Marie Lannoo: Through and Through and Through
Virtual Tour: http://www.youtube.com/watch?v=yrdUHR3BQeQ
Saskatoon artist Marie Lannoo is one of Canada’s best-known abstract painters. Over the past seven years she has developed a series of paintings that use transparent, reflective, acrylic mediums that allow her and her audiences to explore light and depth of field on the picture plane. Through this innovative technique, Lannoo’s paintings often “spill” an added dimension of colour beyond the frame onto to the wall or nearby environment. The stunning results of Lannoo’s endeavours led to her inclusion as the only female Saskatchewan artist in historian Roald Nasgaard’s influential book Abstract Painting in Canada. Nasgaard will also contribute an essay to the publication planned for this exhibition. Over the past two years, Lannoo has been experimenting with a new material that increases the dimensional capabilities of reflected colour.
Working with beam line scientists and physicists at the Canadian Light Source Synchrotron in Saskatoon, a facility in which light reveals the subatomic particle structures of matter, she has created a new body of sculptures that diffract colours from incoming light sources. The resulting colour reflections form caustic or logarithmic spirals whose visual impact is mesmerizing. Through and Through and Through will present a number of these new sculptural works, as well as a new series of paintings that “turn colour on” sequentially, similar to the evolution of cells, through the artist’s painstaking layering of colour in specific patterns that, depending on the quality of light and the viewer’s position, cause different patterns and colours to appear.

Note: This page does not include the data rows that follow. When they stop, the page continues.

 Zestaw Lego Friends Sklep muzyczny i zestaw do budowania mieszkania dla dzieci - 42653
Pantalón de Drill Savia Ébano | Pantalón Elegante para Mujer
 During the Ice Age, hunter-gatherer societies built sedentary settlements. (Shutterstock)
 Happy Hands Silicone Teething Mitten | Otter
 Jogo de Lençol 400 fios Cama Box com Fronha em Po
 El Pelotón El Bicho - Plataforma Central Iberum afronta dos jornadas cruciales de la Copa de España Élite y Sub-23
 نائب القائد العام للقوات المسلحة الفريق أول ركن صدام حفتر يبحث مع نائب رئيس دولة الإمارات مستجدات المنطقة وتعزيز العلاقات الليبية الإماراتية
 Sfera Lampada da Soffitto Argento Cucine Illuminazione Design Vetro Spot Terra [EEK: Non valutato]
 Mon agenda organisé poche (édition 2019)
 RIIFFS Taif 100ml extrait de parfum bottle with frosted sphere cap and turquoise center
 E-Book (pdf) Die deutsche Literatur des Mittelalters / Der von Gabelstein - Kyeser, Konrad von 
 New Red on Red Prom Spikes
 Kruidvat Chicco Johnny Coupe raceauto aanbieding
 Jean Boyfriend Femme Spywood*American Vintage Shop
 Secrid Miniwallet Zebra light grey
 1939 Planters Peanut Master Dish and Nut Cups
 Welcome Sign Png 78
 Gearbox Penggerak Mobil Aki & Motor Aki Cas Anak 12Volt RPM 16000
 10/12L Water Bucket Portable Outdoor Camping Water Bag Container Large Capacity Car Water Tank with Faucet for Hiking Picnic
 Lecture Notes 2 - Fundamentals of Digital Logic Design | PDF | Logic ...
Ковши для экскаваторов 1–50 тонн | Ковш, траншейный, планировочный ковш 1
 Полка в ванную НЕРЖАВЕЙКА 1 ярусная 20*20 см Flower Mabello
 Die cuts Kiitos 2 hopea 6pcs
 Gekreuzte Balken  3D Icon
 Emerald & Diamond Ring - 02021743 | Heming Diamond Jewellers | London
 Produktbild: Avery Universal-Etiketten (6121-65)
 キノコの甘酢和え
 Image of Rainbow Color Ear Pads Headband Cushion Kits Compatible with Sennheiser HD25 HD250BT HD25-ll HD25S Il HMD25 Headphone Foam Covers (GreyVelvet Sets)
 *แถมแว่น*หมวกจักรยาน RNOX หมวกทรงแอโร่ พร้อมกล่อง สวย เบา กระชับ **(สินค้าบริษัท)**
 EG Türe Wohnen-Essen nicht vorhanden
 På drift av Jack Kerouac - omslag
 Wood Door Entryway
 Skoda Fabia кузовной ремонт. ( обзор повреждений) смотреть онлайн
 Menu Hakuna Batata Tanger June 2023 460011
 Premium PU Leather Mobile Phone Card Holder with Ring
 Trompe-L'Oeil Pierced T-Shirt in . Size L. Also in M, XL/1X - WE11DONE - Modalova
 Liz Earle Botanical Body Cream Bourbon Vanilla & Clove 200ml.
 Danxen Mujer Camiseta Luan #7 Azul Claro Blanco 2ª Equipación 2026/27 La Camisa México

Marie Lannoo was born in Delhi, Ontario in 1954. She has an Honors Degree in French from the University of Saskatchewan and also enrolled in the MFA program there. She has further training at The Banff Centre and in Virton, Belgium. Her work has been exhibited across Canada and internationally. This exhibition is her first solo exhibition at the Mendel Art Gallery and is curated by Dan Ring.